Published online by Cambridge University Press: 10 January 2011
Introduction
Chronic lymphocytic leukemia (CLL) is the most common form of leukemia in adults in the Western world, accounting for nearly 25% of all leukemias with an estimated annual age-adjusted incidence of 3 per 100,000 persons in the United States. The median age at diagnosis is approximately 70 years, with 81% of the patients diagnosed when aged ≥ 60 years. Under the World Health Organization (WHO) classification, CLL is a B-cell neoplasm and the entity T-cell CLL has been reclassified as T-cell prolymphocytic leukemia (PLL). Recent data from the Surveillance, Epidemiology, and End Results (SEER) cancer statistics indicate that 5-year survival of patients with CLL is 73%.
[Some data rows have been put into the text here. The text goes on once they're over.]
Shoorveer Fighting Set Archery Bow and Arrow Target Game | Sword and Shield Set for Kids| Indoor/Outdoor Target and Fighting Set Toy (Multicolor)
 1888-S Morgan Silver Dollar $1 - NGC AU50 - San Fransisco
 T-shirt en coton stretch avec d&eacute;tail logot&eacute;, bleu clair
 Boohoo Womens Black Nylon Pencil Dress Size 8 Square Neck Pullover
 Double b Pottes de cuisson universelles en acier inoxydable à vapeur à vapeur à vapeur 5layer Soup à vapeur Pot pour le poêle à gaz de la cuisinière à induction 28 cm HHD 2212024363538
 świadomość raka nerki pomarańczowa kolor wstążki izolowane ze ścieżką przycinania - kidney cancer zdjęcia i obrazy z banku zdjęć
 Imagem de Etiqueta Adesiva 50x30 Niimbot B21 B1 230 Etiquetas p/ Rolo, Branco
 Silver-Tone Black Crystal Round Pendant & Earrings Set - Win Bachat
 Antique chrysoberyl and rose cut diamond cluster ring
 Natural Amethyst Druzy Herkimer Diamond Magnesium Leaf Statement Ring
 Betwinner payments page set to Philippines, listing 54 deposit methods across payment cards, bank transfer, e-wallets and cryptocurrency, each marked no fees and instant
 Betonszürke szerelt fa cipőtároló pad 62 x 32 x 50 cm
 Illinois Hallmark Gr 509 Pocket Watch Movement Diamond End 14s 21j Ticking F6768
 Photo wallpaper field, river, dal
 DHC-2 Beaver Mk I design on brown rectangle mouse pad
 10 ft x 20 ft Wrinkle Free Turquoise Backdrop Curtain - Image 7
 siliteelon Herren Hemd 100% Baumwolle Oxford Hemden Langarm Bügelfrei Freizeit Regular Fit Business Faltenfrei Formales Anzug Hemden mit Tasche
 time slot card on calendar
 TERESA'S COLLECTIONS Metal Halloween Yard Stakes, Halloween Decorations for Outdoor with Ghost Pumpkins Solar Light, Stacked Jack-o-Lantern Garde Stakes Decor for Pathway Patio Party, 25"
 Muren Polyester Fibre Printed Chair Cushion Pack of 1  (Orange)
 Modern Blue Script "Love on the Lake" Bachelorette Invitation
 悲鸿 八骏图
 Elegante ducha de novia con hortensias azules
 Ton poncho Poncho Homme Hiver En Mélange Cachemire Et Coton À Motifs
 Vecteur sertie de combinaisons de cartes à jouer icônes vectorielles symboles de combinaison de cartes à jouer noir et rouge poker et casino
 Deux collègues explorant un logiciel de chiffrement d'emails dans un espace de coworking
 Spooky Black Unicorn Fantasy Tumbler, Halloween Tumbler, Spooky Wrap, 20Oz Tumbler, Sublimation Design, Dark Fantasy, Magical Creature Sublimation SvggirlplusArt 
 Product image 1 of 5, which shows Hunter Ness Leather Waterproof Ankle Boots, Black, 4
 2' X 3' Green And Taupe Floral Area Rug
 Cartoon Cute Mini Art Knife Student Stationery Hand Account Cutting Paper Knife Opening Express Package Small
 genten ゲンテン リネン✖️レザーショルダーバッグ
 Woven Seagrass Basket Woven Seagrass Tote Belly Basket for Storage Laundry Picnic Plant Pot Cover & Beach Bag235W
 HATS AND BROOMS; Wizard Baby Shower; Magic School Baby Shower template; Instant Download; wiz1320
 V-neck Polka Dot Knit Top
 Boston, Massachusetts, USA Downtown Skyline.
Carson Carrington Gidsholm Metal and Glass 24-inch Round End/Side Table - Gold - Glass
Significant changes in the understanding and management of CLL have occurred in the last two decades. With the advent of newer treatment modalities, such as purine analogs and monoclonal antibodies, substantial improvements have been made in achieving complete responses (CR), with a proportion achieving molecular remissions and durable responses. Despite the advances in the treatment of patients with CLL, the majority of patients will relapse after primary therapy.
Diagnosis
The current diagnosis of CLL is based on minor modifications of the criteria originally proposed by the National Cancer Institute (NCI) (Table 5.1). A bone marrow evaluation is no longer required for diagnosis but is useful to determine the extent and pattern of involvement and to clarify the etiology of cytopenias.
The morphology and immunophenotype are adequate for diagnosis and to distinguish CLL from other disorders (Table 5.2).